LAWRENCE – At age 95, author and scholar James Gunn shows no sign of slowing down.
The new edition of his 1975 coffee-table book, “Alternate Worlds: The Illustrated History of Science Fiction,” just out from McFarland & Co., is his fourth book in the past two years.
And this year, McFarland also published a paperback version of Gunn’s 1951 master’s degree thesis, titled “Modern Science Fiction: A Critical Analysis,” with an introduction by Gary Wolfe.
At the present time, Gunn says, he is four chapters into a new novel inspired by chats with colleagues about “artificial intelligence and its capacity to change the world,” plus a couple of essays. And he has contracts in hand for a couple of other books.
For the 2018 softcover edition of “Alternate Worlds,” whose original preface was penned by one of the Golden Age “Big Three,” Isaac Asimov, (see video below) Gunn wrote new first and last chapters, reviewing changes in the world and the world of sci-fi the past 40 years.
While such formerly sci-fi concepts as space travel and atomic energy were realities when the first edition of “Alternate Worlds” came out, two-way wrist radios were not, nor was the world-shrinking and publishing-industry-shaking internet.

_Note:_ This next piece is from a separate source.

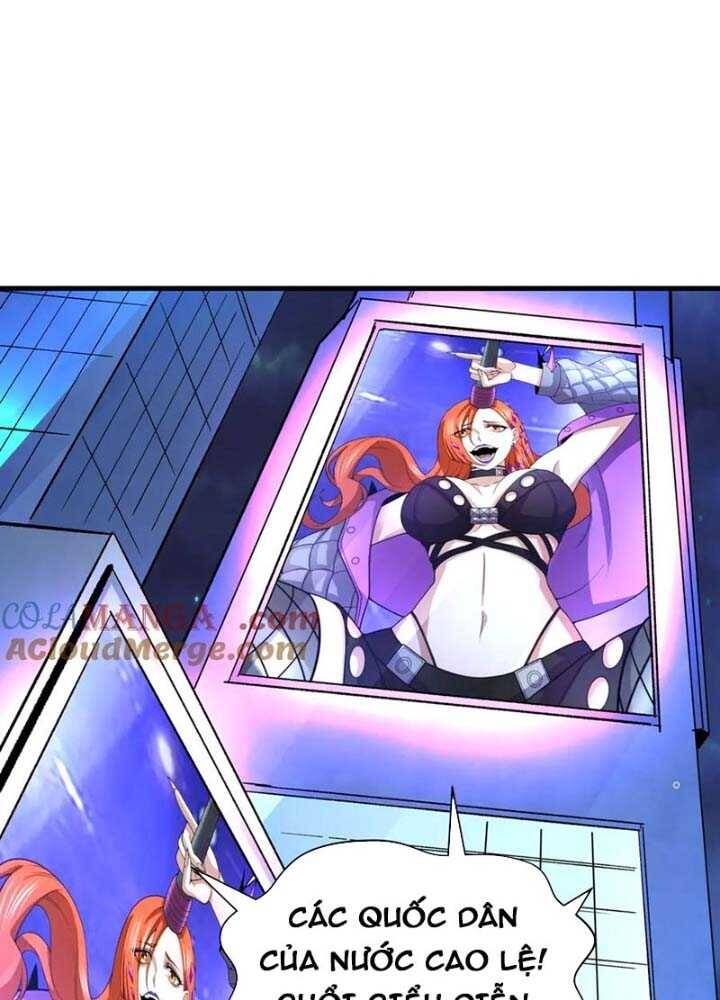 Kỷ Nguyên Kỳ Lạ: Chapter 352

Gunn reviews these changes and more in a new final chapter titled “The Shape of Things That Came: 1975-2016.”
Gunn says “Alternate Worlds” grew out of the work he did when he first began teaching science fiction at KU in 1970. He proposed a book, based on his initial lecture notes, on how to teach science fiction. The publisher, Prentice-Hall, came back with the idea for the lavishly illustrated pop history that became “Alternate Worlds.”
In those days before the internet, covers and illustrations from the great old pulp magazines like Astounding Science Fiction and Thrilling Wonder Stories were not readily available in other forms. And while the colorful rocket ships, monstrous aliens and damsels in distress retain their power to draw the eye, Gunn makes sure to give his writing peers their due in the accompanying text. To the Golden and Silver Age figures Gunn mentioned in 1975, the new edition adds such late 20th- and early-21st-century names as William Gibson, Orson Scott Card and Gene Wolfe.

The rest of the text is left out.